And as always with photography, remember: There is no one way to do anything.

In other words, nothing listed here is a rule of any sort. If a tip fails to help you get the results you want or need, then discard or revamp it.  

1. Remember that a headshot is different from a portrait

portrait vs headshot

Yes, we’ve already discussed this – but when you’re in the middle of a session, it’s easy to get caught up and start changing your approach. This may not be a problem in a normal portrait session, but with headshots, you need to make sure you’re focused on the specific end result. If you change tack and the results aren’t showing your subject in the desired manner, you’ll have wasted time and effort on images that are unsuitable for the subject’s uses.

One way to help keep you on track is to ask your subject to share the purpose of their headshot. Allow them to be as specific and detailed as possible. Once you have an answer to that question, you should find it much easier to stay on track. 

If you are photographing an actor with representation, ask them for their agency’s headshot guidelines (or ask the agency yourself). This will give you a strict set of limitations and help to ensure you get the required result. 

2. Getting it right in-camera is just as important as ever

black and white vs color portrait comparison
By shooting with black and white in mind and getting it right in-camera, you can help make the conversion process much easier.
Canon 5D Mark III | Canon EF 50mm f/2.5 Macro | 50mm | 1/125s | f/5.6 | ISO 100

Depending on where your headshots are going to wind up, you might find that you can’t do any edits beyond basic retouching. You should be allowed a black and white conversion and some basic blemish removal, but much more than that might not be acceptable. 

Therefore, do whatever you can to get your images right in the camera. Light your images well with good exposure and good contrast. Learn your lighting patterns and use a meter if you have to. 

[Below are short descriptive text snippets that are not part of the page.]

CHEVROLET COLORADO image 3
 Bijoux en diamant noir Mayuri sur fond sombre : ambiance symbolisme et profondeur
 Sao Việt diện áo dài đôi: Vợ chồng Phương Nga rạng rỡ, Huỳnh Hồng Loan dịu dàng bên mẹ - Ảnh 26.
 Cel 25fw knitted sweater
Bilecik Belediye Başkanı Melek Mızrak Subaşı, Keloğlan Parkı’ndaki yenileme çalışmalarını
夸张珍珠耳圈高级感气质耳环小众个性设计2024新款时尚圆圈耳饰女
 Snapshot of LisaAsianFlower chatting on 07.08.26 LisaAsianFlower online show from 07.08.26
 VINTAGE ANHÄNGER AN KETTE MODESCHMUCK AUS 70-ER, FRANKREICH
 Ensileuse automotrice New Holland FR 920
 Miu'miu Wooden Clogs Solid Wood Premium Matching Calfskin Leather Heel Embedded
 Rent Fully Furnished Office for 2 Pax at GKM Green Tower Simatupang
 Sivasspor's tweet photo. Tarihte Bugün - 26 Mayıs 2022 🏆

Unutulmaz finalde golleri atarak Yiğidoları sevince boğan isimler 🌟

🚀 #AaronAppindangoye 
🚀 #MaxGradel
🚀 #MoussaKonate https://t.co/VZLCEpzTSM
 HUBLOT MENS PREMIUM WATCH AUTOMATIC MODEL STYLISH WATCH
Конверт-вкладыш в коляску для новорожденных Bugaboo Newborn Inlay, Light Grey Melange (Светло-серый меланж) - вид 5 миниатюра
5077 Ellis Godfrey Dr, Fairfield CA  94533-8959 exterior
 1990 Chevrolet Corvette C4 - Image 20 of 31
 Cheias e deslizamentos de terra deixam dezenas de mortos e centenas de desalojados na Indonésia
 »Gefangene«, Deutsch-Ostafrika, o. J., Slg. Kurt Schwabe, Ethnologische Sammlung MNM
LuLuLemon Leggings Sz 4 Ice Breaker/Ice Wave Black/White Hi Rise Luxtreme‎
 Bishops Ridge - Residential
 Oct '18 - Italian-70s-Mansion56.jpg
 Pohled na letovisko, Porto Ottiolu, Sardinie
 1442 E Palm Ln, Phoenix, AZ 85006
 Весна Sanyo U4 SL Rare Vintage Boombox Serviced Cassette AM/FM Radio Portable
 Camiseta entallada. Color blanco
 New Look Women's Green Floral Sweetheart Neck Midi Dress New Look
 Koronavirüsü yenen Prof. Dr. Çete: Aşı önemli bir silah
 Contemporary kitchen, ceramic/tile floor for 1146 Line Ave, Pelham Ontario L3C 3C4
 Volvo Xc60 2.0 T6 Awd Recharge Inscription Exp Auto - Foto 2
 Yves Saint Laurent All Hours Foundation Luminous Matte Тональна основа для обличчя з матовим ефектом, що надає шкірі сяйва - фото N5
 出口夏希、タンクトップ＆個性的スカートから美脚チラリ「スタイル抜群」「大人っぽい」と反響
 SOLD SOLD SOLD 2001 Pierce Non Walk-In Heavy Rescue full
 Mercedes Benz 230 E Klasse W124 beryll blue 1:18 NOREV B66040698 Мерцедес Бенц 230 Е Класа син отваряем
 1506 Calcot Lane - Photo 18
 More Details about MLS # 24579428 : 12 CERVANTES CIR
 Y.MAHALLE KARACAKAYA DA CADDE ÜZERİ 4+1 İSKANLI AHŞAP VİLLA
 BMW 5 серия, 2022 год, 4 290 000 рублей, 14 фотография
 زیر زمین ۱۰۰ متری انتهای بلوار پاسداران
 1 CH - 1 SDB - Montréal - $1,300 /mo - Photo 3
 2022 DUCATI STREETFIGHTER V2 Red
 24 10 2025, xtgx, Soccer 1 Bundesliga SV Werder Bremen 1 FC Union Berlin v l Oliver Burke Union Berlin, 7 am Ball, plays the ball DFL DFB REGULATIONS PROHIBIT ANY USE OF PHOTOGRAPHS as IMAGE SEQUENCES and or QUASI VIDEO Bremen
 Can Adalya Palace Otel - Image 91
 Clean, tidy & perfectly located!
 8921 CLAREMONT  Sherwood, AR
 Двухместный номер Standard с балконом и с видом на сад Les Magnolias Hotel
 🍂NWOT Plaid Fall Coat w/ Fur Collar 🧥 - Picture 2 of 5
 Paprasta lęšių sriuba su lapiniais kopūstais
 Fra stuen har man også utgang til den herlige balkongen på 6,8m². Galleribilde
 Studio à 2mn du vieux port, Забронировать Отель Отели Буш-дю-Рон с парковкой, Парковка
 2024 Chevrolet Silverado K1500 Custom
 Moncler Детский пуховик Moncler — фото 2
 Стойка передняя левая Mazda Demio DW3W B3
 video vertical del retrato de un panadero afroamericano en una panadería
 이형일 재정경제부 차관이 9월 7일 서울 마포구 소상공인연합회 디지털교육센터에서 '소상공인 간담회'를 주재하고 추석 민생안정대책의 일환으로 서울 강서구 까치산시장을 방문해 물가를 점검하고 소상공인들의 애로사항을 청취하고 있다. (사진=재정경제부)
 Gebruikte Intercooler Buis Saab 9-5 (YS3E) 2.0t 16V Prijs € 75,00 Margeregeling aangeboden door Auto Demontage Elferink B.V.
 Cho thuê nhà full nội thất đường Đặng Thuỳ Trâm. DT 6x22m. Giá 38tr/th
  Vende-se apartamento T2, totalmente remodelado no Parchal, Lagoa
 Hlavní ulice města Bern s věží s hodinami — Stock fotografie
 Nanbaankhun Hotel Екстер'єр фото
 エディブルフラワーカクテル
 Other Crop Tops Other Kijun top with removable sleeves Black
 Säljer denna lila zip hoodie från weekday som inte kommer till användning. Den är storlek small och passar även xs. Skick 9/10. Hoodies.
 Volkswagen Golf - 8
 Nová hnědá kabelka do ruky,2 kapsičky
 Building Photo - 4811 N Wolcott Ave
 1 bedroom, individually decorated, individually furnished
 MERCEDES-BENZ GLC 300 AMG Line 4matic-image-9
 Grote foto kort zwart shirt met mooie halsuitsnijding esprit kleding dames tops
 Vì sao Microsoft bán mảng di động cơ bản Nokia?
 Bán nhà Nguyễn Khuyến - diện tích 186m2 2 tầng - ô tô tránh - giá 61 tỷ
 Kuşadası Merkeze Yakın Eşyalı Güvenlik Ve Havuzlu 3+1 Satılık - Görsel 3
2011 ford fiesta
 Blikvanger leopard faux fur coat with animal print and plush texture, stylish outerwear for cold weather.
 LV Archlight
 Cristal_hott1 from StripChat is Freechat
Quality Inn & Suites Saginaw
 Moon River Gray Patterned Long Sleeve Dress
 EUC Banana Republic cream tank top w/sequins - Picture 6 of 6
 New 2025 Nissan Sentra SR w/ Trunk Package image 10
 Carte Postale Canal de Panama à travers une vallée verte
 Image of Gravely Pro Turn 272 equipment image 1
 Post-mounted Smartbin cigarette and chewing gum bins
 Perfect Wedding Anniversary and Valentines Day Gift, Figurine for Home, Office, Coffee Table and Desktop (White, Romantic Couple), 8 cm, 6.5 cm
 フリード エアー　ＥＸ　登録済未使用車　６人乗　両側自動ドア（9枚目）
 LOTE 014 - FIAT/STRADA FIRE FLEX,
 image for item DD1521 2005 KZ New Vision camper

Get this step right, and you might find that you have little more editing to do beyond the actual black and white conversion.

3. Start in color

It might be tempting to set your camera to a black and white mode at the point of shooting. You can do this – but if you shoot JPEGs, I would advise against it.

By choosing this route, you will be discarding a huge amount of color information at the very beginning. For the best conversions, you’ll want to later manipulate your color information to get the very best black and white results.

(However, note that RAW shooters can use a black and white mode while still retaining color information.) 

4. Avoid shooting to crop

cropped portrait
By cropping down to a head-and-shoulders composition, you discard most of the information in the frame. Instead, try to get your compositions right at the shooting stage.

This might be controversial, but I’ll stand by it. When you are creating black and white headshots, try to get your composition as close as possible to how you want it to end up.

Doing this will ensure that your images are as big as possible and have as much detail as possible when you pass them on to your client. If you shoot before cropping out significant parts of your image, you will lose out on a large chunk of resolution.

5. Control contrast with light, not post-production

woman in the studio
Using a medium-sized octabox up close allows for extremely soft light, thus controlling the contrast. Also, at camera right, you see a background light that reduces the overall contrast in the image.

This point goes back to getting it right in-camera, but specifically for lighting.

One of the quickest ways to ruin a portrait is to add a lot of unnatural contrast in the post-production phase.

Avoid this by setting up your lights to get the contrast you want from the very start. 

You can do this through modifier selection and lighting ratios

6. Use fill to control your contrast

headshot with and without fill light
Left: Without fill. Right: With fill. Here you can see how a fill light might help you lift the shadows and control the contrast in your images.

If you want to decrease contrast, make sure to do it in-camera.

You can do this with fill light. Whether you work with a dedicated second light source or a reflector, introducing fill into your images is a great way to control exactly how your black and white headshots turn out.

7. Think in values rather than color

black and white headshot of a woman
In this image, you can see four distinct areas of value: The highlights of the skin, the midtones of the sweater, and two shadow areas for the hair and the background. Being able to see these at the time of shooting will help you design your black and white headshots better.
Canon 5D Mark III | Canon EF 50mm f/2.5 Macro | 50mm | 1/160 sec | f/4 | ISO 100

Because you are starting in color, it can help to think of things in terms of values.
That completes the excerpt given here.